You need the motivation.

Neurotypical people don’t get that. They’ll tell you, “Just do it. It’s not that big a deal.” Or, worse, “Stop being lazy. We all have responsibilities and things we don’t enjoy.”

You might not ever be able to convince them that it is a big deal for you and you’re not lazy. So what do you do?

Reminder: you're doing the best you can. No one can fault you for that. Not even yourself.

Figure out how to use motivation and discipline together. Here are some tips:

  • Start with motivation: Use your initial motivation as a launching point to get started on your goal. Tap into what excites you about the goal, and use that energy to take action. When it’s something that you’re not naturally motivated about, try to find some motivation (find your “why”).
  • Use discipline to keep going: Once you've started, use discipline to keep moving forward.
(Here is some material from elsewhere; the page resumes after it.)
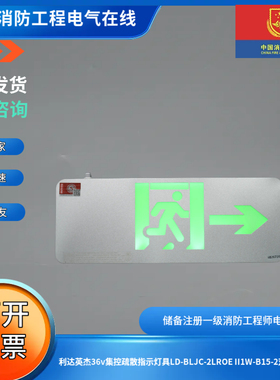利达英杰36v集控疏散指示灯具LD-BLJC-2LROE II1W-B15-2双面单向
Set up a routine, break down tasks into smaller steps, and use positive reinforcement to stay on track. Often, once you’re over the hurdle of task initiation (getting started) it’s easier to keep going. You build momentum.
  • Revisit your motivation: When you feel your motivation flagging, take a moment to remind yourself why you started in the first place. Or offer yourself a reward. Motivation will spike when you see progress and feel accomplished.

As a neurodiverse person, you may struggle with motivation and discipline. However, by understanding these concepts and how they work together, you can start to build positive habits and achieve your goals.

Remember, motivation is what gets you started, but discipline keeps you going. By tapping into your initial motivation and using discipline to stay on track, you can make progress toward your goals and build positive habits that last. Don't be afraid to make adjustments as needed to find what works best for you.

It's important to be patient with yourself and to celebrate your successes along the way. Building motivation and discipline takes time and practice, but by implementing the tips and strategies we've discussed, you can start to see real progress. Whether you're striving to complete a project, reach a goal, or simply build better habits, using motivation and discipline together can help you get there.